Potentially hundreds of thousands of flooded-vehicles impacted by the recent hurricanes could find themselves in used car lots.
Xander Swartz, manager of Cactus Auto, has no plans of buying hurricane-damaged cars anytime soon.
"Because the cars are so far away and two, it's just not worth passing that along to the customers. It's more of a headache for everyone involved,” Swartz said.
There’s always the possibility for consumers and dealerships to overlook a vehicle’s condition.
Swartz noted car history checks are critical but not always enough.
He also recommends people consult with a trusted mechanic to further assess the vehicle.
“It's something easy to do, it's something inexpensive to do before you make a major purchase,” Swartz said.
Thomas Royall, who works for used car dealer CarMax, noted the company also doesn’t take in storm-damaged vehicles.

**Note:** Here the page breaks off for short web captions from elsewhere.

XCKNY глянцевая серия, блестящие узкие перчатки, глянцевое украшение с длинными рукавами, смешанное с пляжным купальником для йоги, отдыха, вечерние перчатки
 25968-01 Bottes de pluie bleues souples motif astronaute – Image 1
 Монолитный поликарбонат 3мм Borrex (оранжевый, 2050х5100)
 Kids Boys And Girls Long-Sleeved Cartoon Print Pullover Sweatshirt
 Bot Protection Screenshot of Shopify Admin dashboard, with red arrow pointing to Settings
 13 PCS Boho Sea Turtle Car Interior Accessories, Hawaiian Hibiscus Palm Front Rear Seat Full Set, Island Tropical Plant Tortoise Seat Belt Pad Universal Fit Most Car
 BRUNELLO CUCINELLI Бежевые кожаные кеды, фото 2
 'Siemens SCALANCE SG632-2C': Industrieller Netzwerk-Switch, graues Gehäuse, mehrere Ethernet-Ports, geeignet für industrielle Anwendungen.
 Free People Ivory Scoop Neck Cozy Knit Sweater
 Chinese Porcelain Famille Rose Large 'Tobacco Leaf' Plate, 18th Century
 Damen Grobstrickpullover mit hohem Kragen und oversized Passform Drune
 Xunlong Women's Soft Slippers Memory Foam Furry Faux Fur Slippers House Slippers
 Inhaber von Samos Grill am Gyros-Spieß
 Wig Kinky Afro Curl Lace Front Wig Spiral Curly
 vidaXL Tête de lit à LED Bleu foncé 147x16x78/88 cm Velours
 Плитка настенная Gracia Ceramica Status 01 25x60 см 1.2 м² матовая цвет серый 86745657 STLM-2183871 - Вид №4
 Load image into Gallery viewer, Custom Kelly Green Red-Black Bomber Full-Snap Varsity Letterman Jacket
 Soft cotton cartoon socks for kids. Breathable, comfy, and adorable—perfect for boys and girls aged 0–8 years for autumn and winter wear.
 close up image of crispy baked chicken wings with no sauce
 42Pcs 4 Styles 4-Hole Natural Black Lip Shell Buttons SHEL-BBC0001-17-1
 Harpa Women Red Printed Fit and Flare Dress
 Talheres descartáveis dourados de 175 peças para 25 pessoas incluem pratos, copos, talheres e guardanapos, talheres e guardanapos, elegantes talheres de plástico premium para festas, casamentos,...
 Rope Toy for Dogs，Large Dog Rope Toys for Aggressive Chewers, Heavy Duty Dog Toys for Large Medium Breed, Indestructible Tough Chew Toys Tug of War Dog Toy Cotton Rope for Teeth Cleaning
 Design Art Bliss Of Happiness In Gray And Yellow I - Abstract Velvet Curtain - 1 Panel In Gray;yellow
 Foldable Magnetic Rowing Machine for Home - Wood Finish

He emphasized the importance of consumers to be able to identify the signs of a flood-inflicted vehicle.
Flooded cars rot from the inside, which can result in faulty mechanical and electrical systems.
"People will actually go through the cars, clean them up as best as they can and try to resell them. Hopefully that is something that is disclosed to the customer because it really should be something that the customer should have the choice in making a decision on whether they want to buy it or not,” Royall said.
The National Automobile Dealers Association (NADA) has the following tips on what to look for in possibly flooded cars.
1. Check a vehicle's title history using the National Insurance Crime Bureau's VinCheck, the National Motor Vehicle Title Information System or a commercially available vehicle history report service, such as Experian or Carfax, etc. Reports may state whether a vehicle has been flood damaged.
2. Examine the interior and the engine compartment for evidence of water and grit from suspected submersion.
3. Check for recently shampooed carpeting.
4. Look under the carpeting for water residue or stain marks from evaporated water not related to air-conditioning pan leaks.